Comentário à Frase 1

"O direito fundamental ao ambiente constitui o fundamento para a criação de relações jurídicas ambientais (multilaterais) de natureza pública e privada" (Vasco Pereira da Silva).Qual o sentido e alcance da afirmação?"

Antes de passarmos à análise da afirmação, cabe-nos dizer qual a significação de relação jurídica multilateral ambiental.

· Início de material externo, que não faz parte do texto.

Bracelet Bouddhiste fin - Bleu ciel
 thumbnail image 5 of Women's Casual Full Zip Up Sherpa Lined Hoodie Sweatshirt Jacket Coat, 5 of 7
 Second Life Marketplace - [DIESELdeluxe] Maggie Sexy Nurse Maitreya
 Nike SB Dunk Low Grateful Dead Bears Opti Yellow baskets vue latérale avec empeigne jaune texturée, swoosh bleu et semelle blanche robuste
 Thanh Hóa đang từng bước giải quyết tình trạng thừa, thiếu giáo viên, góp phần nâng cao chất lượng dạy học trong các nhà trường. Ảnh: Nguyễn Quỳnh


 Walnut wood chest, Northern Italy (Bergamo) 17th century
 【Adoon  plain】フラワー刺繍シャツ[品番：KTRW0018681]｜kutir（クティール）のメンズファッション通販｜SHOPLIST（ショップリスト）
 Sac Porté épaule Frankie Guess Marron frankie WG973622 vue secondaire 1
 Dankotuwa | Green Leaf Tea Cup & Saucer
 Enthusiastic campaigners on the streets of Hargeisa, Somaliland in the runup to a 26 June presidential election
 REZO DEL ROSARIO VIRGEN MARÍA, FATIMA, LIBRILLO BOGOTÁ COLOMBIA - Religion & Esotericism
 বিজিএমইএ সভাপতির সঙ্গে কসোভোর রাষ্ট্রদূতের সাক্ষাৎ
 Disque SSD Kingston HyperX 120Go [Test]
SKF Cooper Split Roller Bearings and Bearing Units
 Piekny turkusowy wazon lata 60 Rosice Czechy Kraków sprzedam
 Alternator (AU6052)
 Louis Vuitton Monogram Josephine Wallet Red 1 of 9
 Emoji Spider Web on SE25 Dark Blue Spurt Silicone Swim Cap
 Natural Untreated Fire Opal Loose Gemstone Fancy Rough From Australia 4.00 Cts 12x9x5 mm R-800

No nosso entender esta apresenta-se como uma categoria de relações jurídicas que se caracteriza por se estruturar em torno de mais de dois sujeitos jurídicos com posições diferenciadas e ainda por relacionar a Administração, enquanto entidade decisora, com outros particulares para além dos destinatários directos do exercício da sua competência dispositiva; ou então por relacionar a Administração com outros órgãos da mesma pessoa colectiva ou de pessoas colectivas diversas da do órgão que exerce competência decisória, e ainda com os particulares directamente visados pela decisão em causa.
Dito isto, cabe analisar a afirmação do Prof. Vasco Pereira da Silva.
Com a entrada em vigor do novo CPTA, evolui-se para um multilateralismo, pois bem deixou de ser necessário alargar o conceito de direito subjectivo como fonte de legitimidade no Contencioso Administrativo, sendo que se equiparou direitos subjectivos a interesses legalmente protegidos, a nível constitucional, quer de um ponto de vista substantivo, quer do prisma da garantia adjectiva - nos termos dos artigos 266º/1 e 268º/4 CRP.
Deixando no contencioso de configurar uma concepção heliocêntrica de acto administrativo, as concepções unitárias, tais como a seguida pelo Prof. Vasco Pereira da Silva, revelam, salvo o devido respeito, uma fórmula vazia, meramente teórica e desnecessária do ponto de vista prático.
Além do mais, a nosso ver o bem em causa é insusceptível de apropriação individual específica, pelo que não se nos configura como um direito fundamental, o suposto direito ao Ambiente.
Ao invés, concordamos com CARLA AMADO GOMES, que a maneira de encarar o bem jurídico ambiente só é passível de ser entendida através de um dever fundamental de respeito ao Ambiente cuja individualização é assim possível.
Argumento decisivo, será o de autónomamente ser raríssimo alguém invocar o direito fundamental ao Ambiente perante as autoridades judiciárias, pois que é através do recurso à acção popular, tendo por detrás a ideia do interesse difuso, que os particulares fazem valer o seu suposto direito ao Ambiente, que na realidade é um interese difuso.
Ora, tradicionalmente, antes da consagração da tutela jurisdicional efectiva, o direito de recurso destinava-se a permitir ao particular lesado directamente nos seus direitos subjectivos pela actuação de uma Administração autoritária, reagir contenciosamente, pela via da anulação do acto administrativo num binómio interesse público versus particular.
Contudo assistiu-se a uma mudança de perspectiva, deixando de se verificar um contexto bilateral na actuação Administrativa, para passarem a ser ponderados todos os direitos e os vários interesses públicos e privados passíveis de afectação por parte de uma actuação Administrativa.
Assim, é neste contexto que o Prof. Vasco Pereira da Silva adopta a teoria da "Schutznorm" - sendo que considera que "o particular será titular de um direito subjectivo em relação à Administração sempre que de uma norma jurídica, que não vise apenas a satisfação do interesse público, mas também a protecção dos interesses dos particulares, resulte uma vantagem objectiva, concedida de forma intencional, ou ainda quando dela resulte a concessão de um mero benefício mas, nesse caso, decorrente de um direito fundamental."
Face ao novo Contencioso esta concepção, salvo o devido respeito, antes dotada de uma enorme importância prática, perde a maior parte da sua razão de ser, pois com este alcança-se o alargamento da legitimidade activa em função da titularidade da relação jurídica controvertida, superando a concepção restritiva do interesse, directo e legítimo.
Admite-se ainda a intervenção processual de terceiros - titulares de uma posição jurídica substantiva, interessados na definição da relação material controvertida, pelo que com este novo CPTA se alcança a inevitável indispensabilidade de fazer a ponderação dos diferentes interesses em jogo, quer sejam públicos ou privados, mas que são afectados pela actuação administrativa.